I am a professional graphics programmer and I create scripting/programming languages as an hobby. I got this idea that I wanted to share with you.

I am reading and learning about low level graphics APIs and the reason why they exist. In DirectX11/OpenGL a lot of the GPU work, like resource barriers for example, is hidden and executed by the driver.

Now, because the driver doesn't know what your frame looks like it has to execute the worst case scenario and execute more barriers that may be required.

(I think DX11 drivers now are quite clever and do prediction to reduce that problem but you get my point)

DX12/Vulkan somewhat solves this issue by letting the programmer decide where to execute the barriers by exposing them as an API concept.

That is a major plus but it is very error prone and if not done correctly can lead to major performance issues.

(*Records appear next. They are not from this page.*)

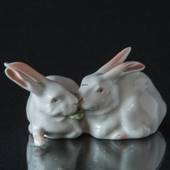 White Pair of Rabbits, Royal Copenhagen figurine no. 518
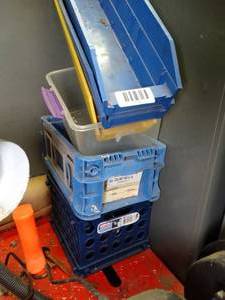 lot 1136 image: Plastic Parts Holders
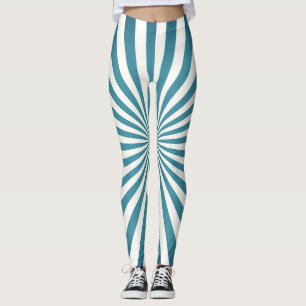 Geometric Astral Seamless Pattern Design Leggings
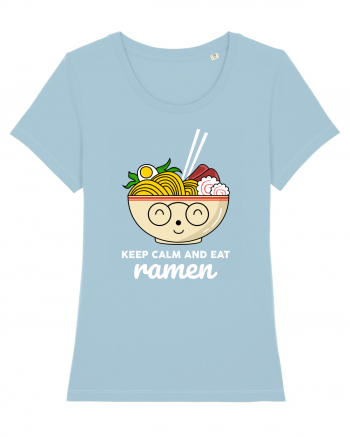 Keep Calm and Eat Ramen Sky Blue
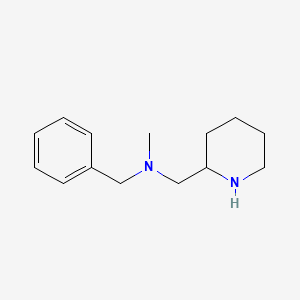molecular formula C14H22N2 B3297681 Benzyl-methyl-piperidin-2-ylmethyl-amine CAS No. 896052-28-1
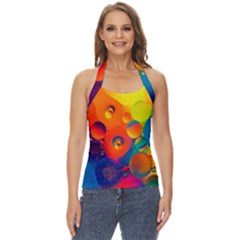 Colorfull Pattern Basic Halter Top by artworkshop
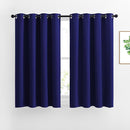 NICETOWN Blackout Curtains for Bedroom - Triple Weave Grommet Top Thermal Insulated Window Treatment Light Blocking Panels for Kitchen/Kids Room, Navy Blue, W46 x L54, Set of 2 by TinyTreasures Baby Boutique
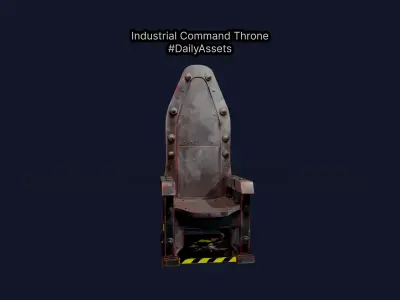Industrial Command Throne 3D model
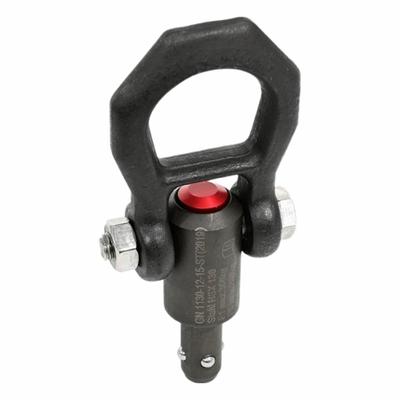 JW WINCO Quick-Release Hoist Ring: Steel, 1,079 lbf Load Limit, 16 mm Pin Dia - Quick-Release Pivot-Only Hoist Rings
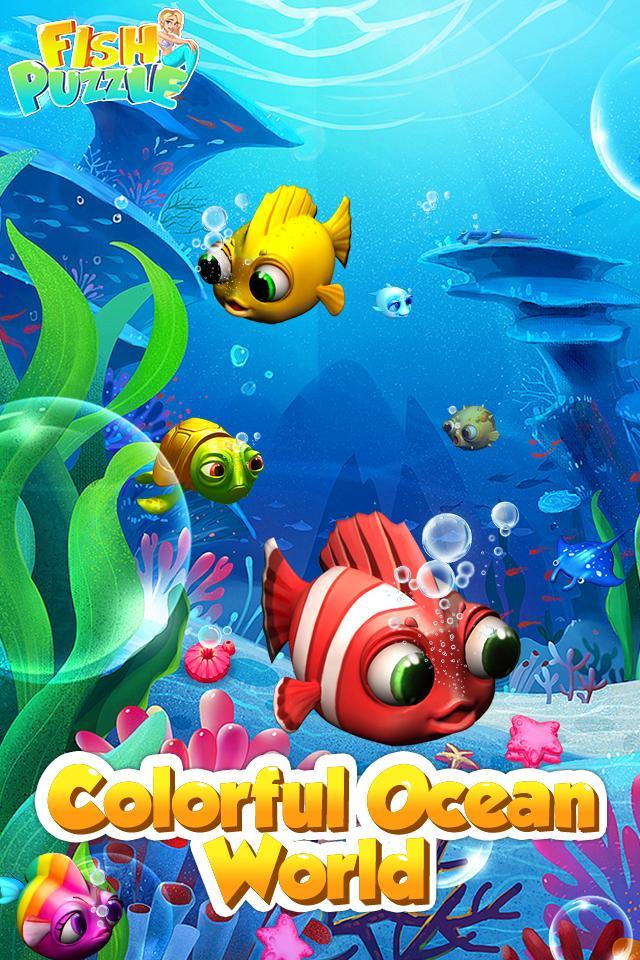 Скриншот игры Fish Puzzle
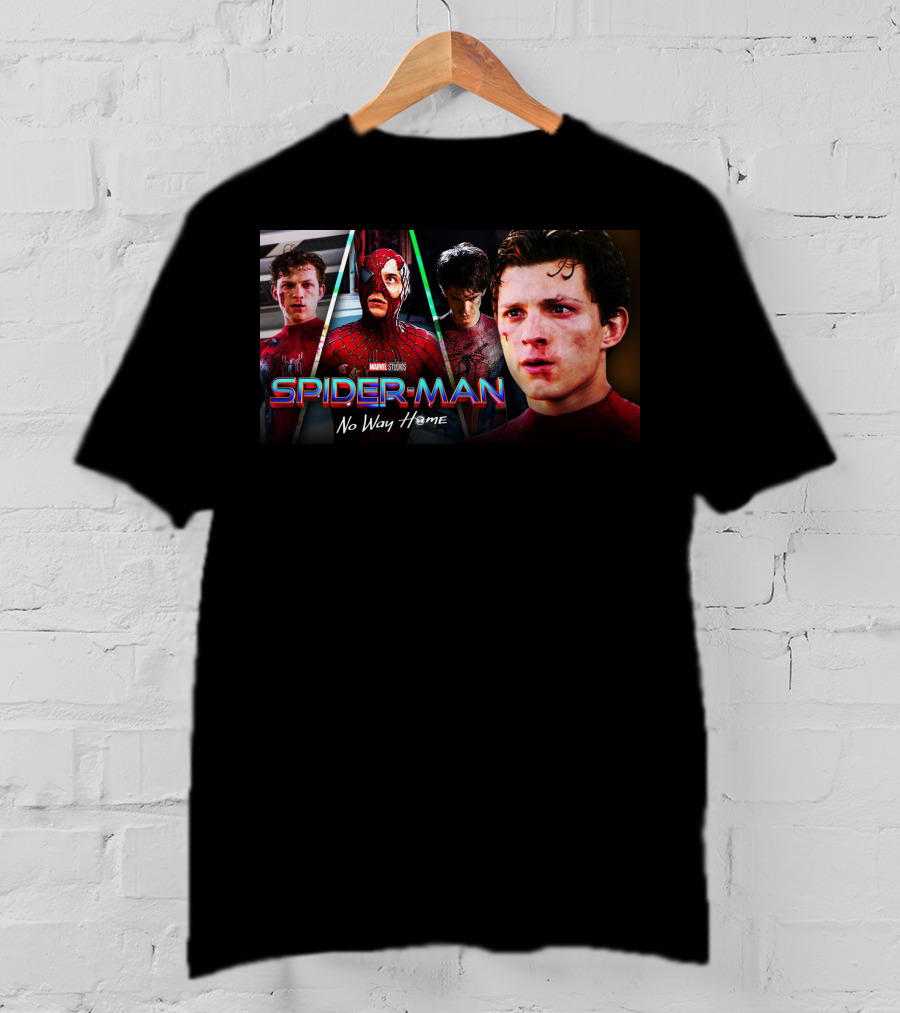 Spider-Man No Way Home Multi-Generation Heroes T-Shirt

Now this got me thinking... What if we created a programming language that allowed to define explicitly what a full frame looks like. The steps and the resources involved in those steps.

We could then look at theses steps and figure out exactly where to put the barriers. Re-order the steps for optimal performance. We could also look at what are the dependencies between steps and probably figure out a way to automatically dispatch the work on different queues (copy/dma, compute & graphics).

I have the feeling that with new low level APIs this door is now opened. Static analysis and optimization (of full frames)... Something every compilers do for CPU code. Why not GPU code?

Any thoughts on that?

Gab.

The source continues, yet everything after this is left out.